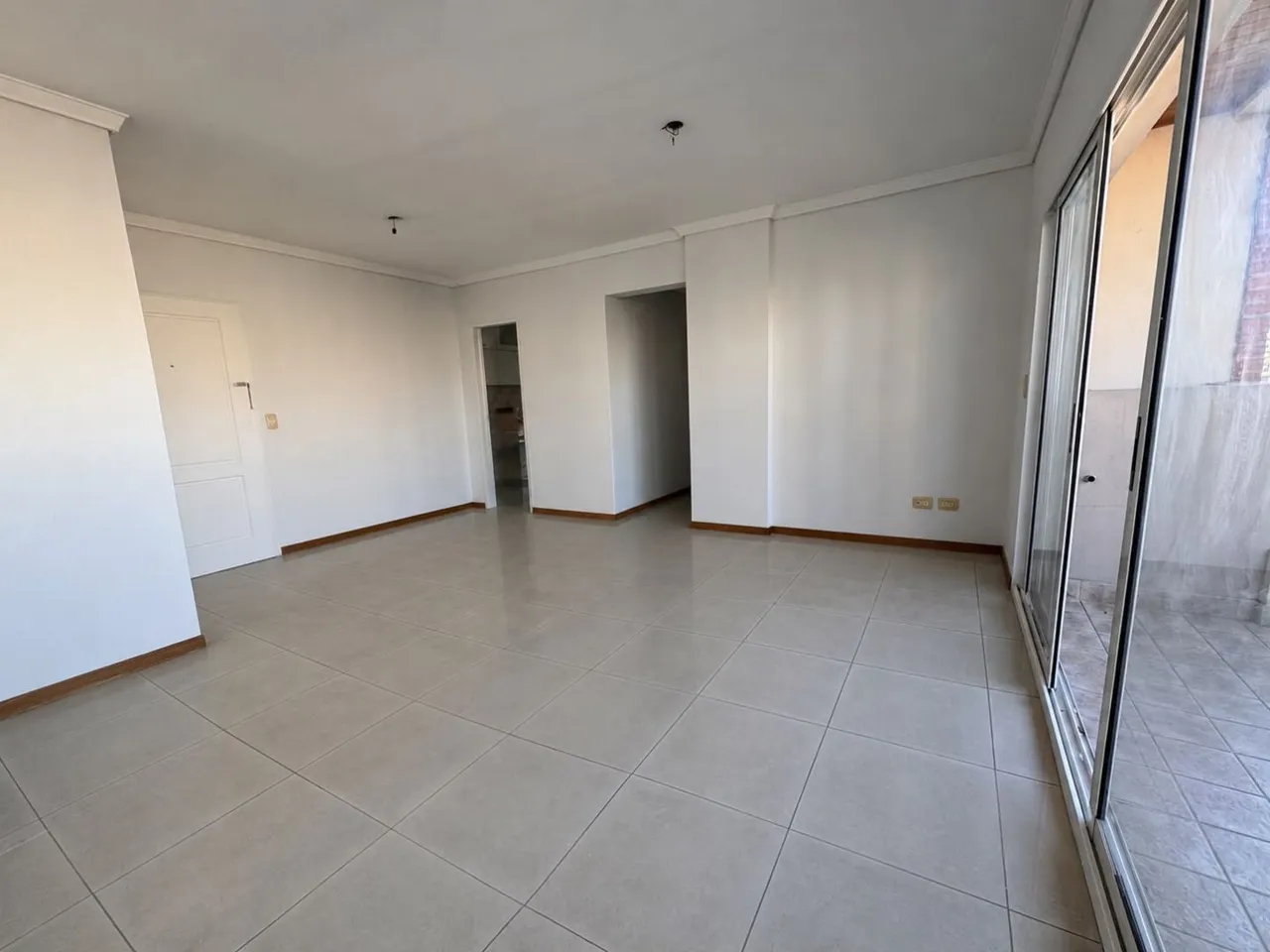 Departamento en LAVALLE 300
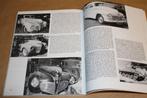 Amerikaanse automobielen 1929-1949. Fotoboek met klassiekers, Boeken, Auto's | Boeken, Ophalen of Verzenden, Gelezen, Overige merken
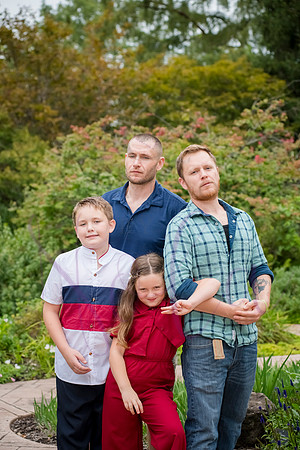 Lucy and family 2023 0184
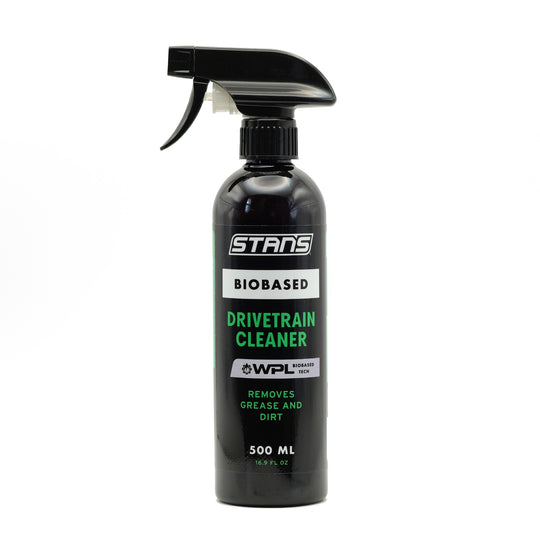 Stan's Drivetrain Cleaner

...

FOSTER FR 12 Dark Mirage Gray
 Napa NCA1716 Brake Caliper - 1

* * *

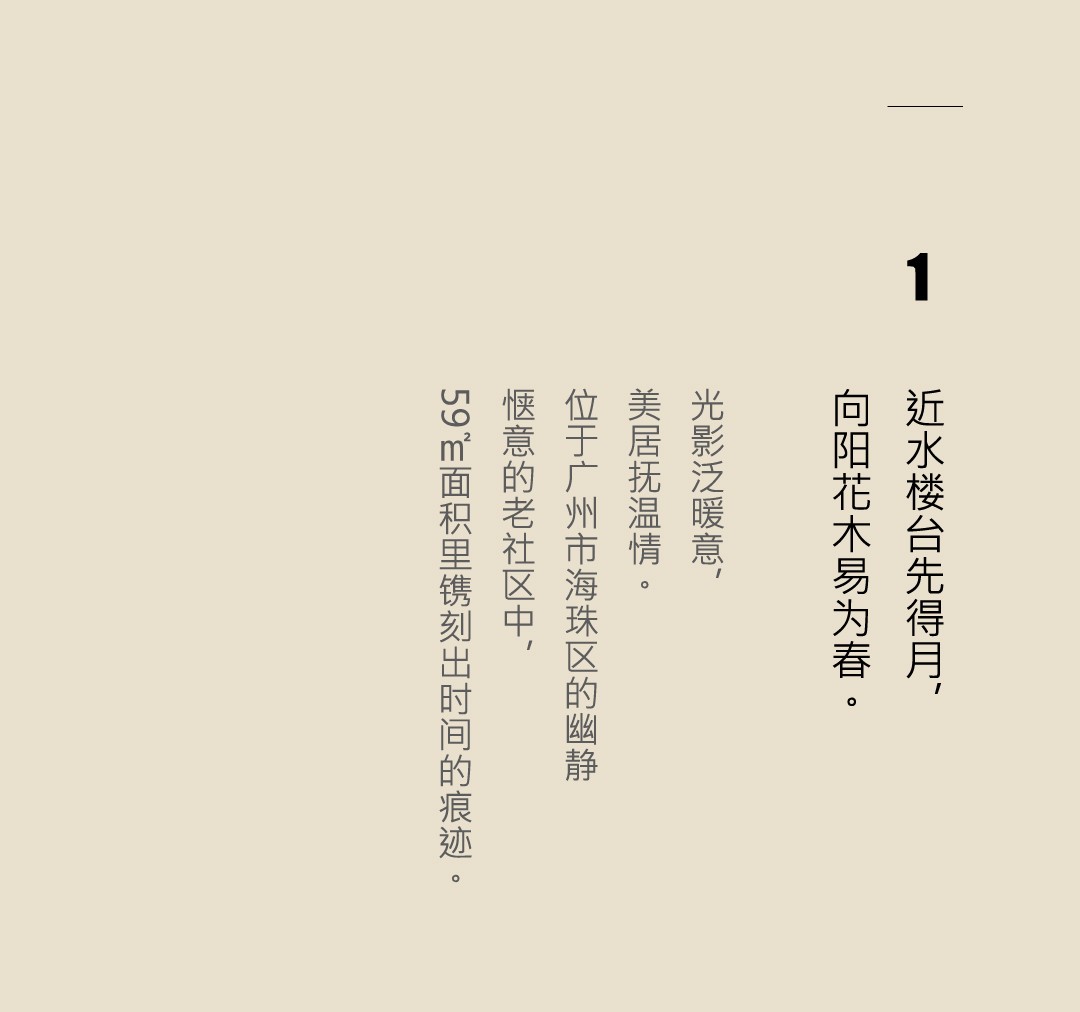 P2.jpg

YOUR ASSIGNMENT: Taking the entries above, write out exactly each line from the one holding "FOSTER FR 12 Dark Mirage Gray" to the one holding "Napa NCA1716 Brake Caliper - 1", both included, and stop there.

RESPONSE TO THIS EXERCISE:
FOSTER FR 12 Dark Mirage Gray
 Napa NCA1716 Brake Caliper - 1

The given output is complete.